Work task:
Look for the string "السياره" in the listing below, then copy every line that has it.

Provided data:

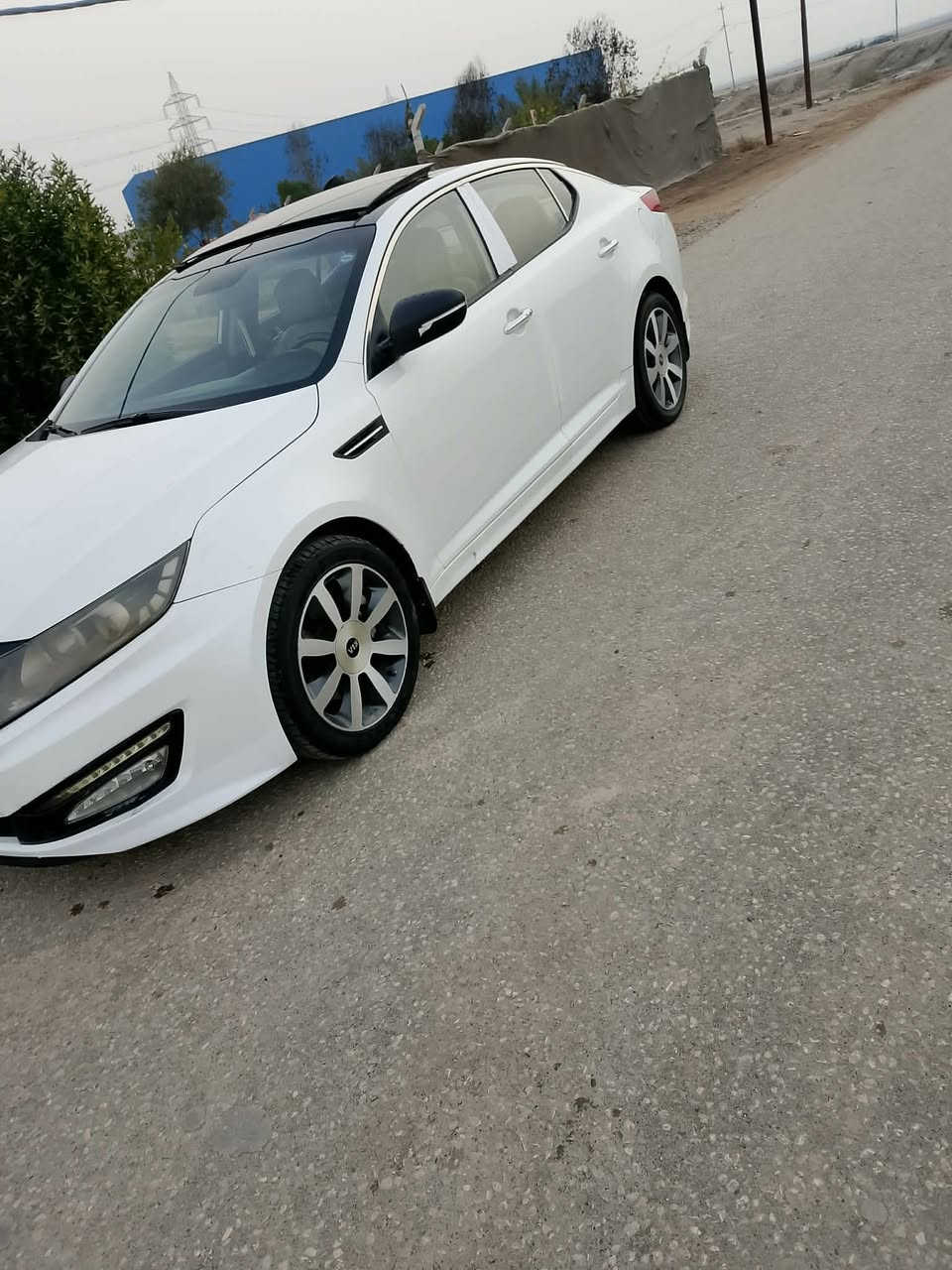 اوبتيما2013
فول مواصفات مكفوله 
رقم وهزه جديد باسمي
كفاله عاااااامه عدا صبغ بخشم البنيد  كلش قليل
ماشيه ١٥٠
فول 1/1
بانوراما
بصمه 
جلد 
كاميرا دواره
كشن جلد
كشن ذاكره
تبريد قطعتين 
شفتات استيرن
لدااااات
محرك2.4
السياره جديده جداً 
واحلى من الصور
للبيع والمراوس حسب القناعه
السعر 140 وبيها مجال 
علماً السياره بالحله 
للاستفسار 
***********
***********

Answer to this task:
السياره جديده جداً 
علماً السياره بالحله 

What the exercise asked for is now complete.